Home
Evaluate tools
Create an evaluation suite

Evaluate tools

In this guide, you'll learn how to evaluate your custom tools to ensure they function correctly with the AI assistant, including defining evaluation cases and using different critics.

We'll create evaluation cases to test our hello tool and measure its performance.

Prerequisites

pip install arcade-ai[evals]

Create an evaluation suite

Navigate to your toolkit's evals directory:

cd arcade_my_new_toolkit/evals

Create a new Python file for your evaluations, e.g., eval_hello.py.

Define your evaluation cases

Open eval_hello.py and add the following code:

from arcade.sdk.eval import (
    EvalSuite,
    EvalRubric,
    ExpectedToolCall,
    BinaryCritic,
    tool_eval,
)
from arcade.sdk import ToolCatalog
from arcade_my_new_toolkit.tools.hello import hello
 
# Create a catalog of tools to include in the evaluation
catalog = ToolCatalog()
catalog.add_tool(hello)
 
# Define the evaluation rubric
rubric = EvalRubric(
    fail_threshold=0.8,
    warn_threshold=0.9,
)
 
@tool_eval()
def hello_eval_suite() -> EvalSuite:
    """Create an evaluation suite for the hello tool."""
    suite = EvalSuite(
        name="Hello Tool Evaluation",
        system_message="You are a helpful assistant.",
        catalog=catalog,
        rubric=rubric,
    )
 
    # Example evaluation case
    suite.add_case(
        name="Simple Greeting",
        user_message="Say hello to Alice",
        expected_tool_calls=[
            ExpectedToolCall(
                name="Hello",
                args={
                    "name": "Alice",
                },
            )
        ],
        critics=[
            BinaryCritic(critic_field="name", weight=1.0),
        ],
    )
 
    return suite

Run the evaluation

From the evals directory, run:

arcade evals .

This command executes your evaluation suite and provides a report.

How it works

The evaluation framework in Arcade AI allows you to define test cases (EvalCase) with expected tool calls and use critics to assess the AI's performance.

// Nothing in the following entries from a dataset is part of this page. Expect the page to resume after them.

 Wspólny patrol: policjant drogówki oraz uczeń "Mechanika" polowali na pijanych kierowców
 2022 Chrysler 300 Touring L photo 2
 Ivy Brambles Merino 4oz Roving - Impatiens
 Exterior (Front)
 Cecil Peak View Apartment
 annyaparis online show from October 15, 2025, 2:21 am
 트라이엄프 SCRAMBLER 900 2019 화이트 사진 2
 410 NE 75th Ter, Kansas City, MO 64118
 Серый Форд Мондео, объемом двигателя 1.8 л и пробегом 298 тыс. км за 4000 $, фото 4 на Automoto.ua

By running the evaluation suite, you can measure how well the AI assistant is using your tools.

Next steps

Explore different types of critics and evaluation criteria to thoroughly test your tools.

Learn more about Critic classes

Critic classes

Arcade AI provides several critic classes to evaluate different aspects of tool usage.

BinaryCritic

Checks if a parameter value matches exactly.

BinaryCritic(critic_field="name", weight=1.0)

SimilarityCritic

Evaluates the similarity between expected and actual values.

from arcade.sdk.eval import SimilarityCritic
 
SimilarityCritic(critic_field="message", weight=1.0)

NumericCritic

Assesses numeric values within a specified tolerance.

from arcade.sdk.eval import NumericCritic
 
NumericCritic(critic_field="score", tolerance=0.1, weight=1.0)

DatetimeCritic

Evaluates the closeness of datetime values within a specified tolerance.

from datetime import timedelta
from arcade.sdk.eval import DatetimeCritic
 
DatetimeCritic(critic_field="start_time", tolerance=timedelta(seconds=10), weight=1.0)

Advanced evaluation cases

You can add more evaluation cases to test different scenarios.

Example: Greeting with emotion

Modify your hello tool to accept an emotion parameter:

from arcade.sdk import tool
from typing import Annotated
 
class Emotion(str, Enum):
    HAPPY = "happy"
    SLIGHTLY_HAPPY = "slightly happy"
    SAD = "sad"
    SLIGHTLY_SAD = "slightly sad"
 
@tool
def hello(
    name: Annotated[str, "The name of the person to greet"] = "there",
    emotion: Annotated[Emotion, "The emotion to convey"] = Emotion.HAPPY
) -> Annotated[str, "A greeting to the user"]:
    """
    Say hello to the user with a specific emotion.
    """
    return f"Hello {name}! I'm feeling {emotion.value} today."

Add an evaluation case for this new parameter:

suite.add_case(
    name="Greeting with Emotion",
    user_message="Say hello to Bob sadly",
    expected_tool_calls=[
        ExpectedToolCall(
            name="Hello",
            args={
                "name": "Bob",
                "emotion": Emotion.SAD,
            },
        )
    ],
    critics=[
        BinaryCritic(critic_field="name", weight=0.5),
        SimilarityCritic(critic_field="emotion", weight=0.5),
    ],
)

Add an evaluation case with additional conversation context:

suite.add_case(
    name="Greeting with Emotion",
    user_message="Say hello to Bob based on my current mood.",
    expected_tool_calls=[
        ExpectedToolCall(
            name="Hello",
            args={
                "name": "Bob",
                "emotion": Emotion.HAPPY,
            },
        )
    ],
    critics=[
        BinaryCritic(critic_field="name", weight=0.5),
        SimilarityCritic(critic_field="emotion", weight=0.5),
    ],
    # Add some context to the evaluation case
    additional_messages= [
        {"role": "user", "content": "Hi, I'm so happy!"},
        {
            "role": "assistant",
            "content": "That’s awesome! What’s got you feeling so happy today?",
        },
    ]
)

Add an evalutation case with multiple expected tool calls:

suite.add_case(
    name="Greeting with Emotion",
    user_message="Say hello to Bob based on my current mood. And then say hello to Alice with slightly less of that emotion.",
    expected_tool_calls=[
        ExpectedToolCall(
            name="Hello",
            args={
                "name": "Bob",
                "emotion": Emotion.HAPPY,
            },
        ),
        ExpectedToolCall(
            name="Hello",
            args={
                "name": "Alice",
                "emotion": Emotion.SLIGHTLY_HAPPY,
            },
        )
    ],
    critics=[
        BinaryCritic(critic_field="name", weight=0.5),
        SimilarityCritic(critic_field="emotion", weight=0.5),
    ],
    # Add some context to the evaluation case
    additional_messages= [
        {"role": "user", "content": "Hi, I'm so happy!"},
        {
            "role": "assistant",
            "content": "That’s awesome! What’s got you feeling so happy today?",
        },
    ]
)

Ensure that your hello tool and evaluation cases are updated accordingly and that you rerun arcade evals . to test your changes.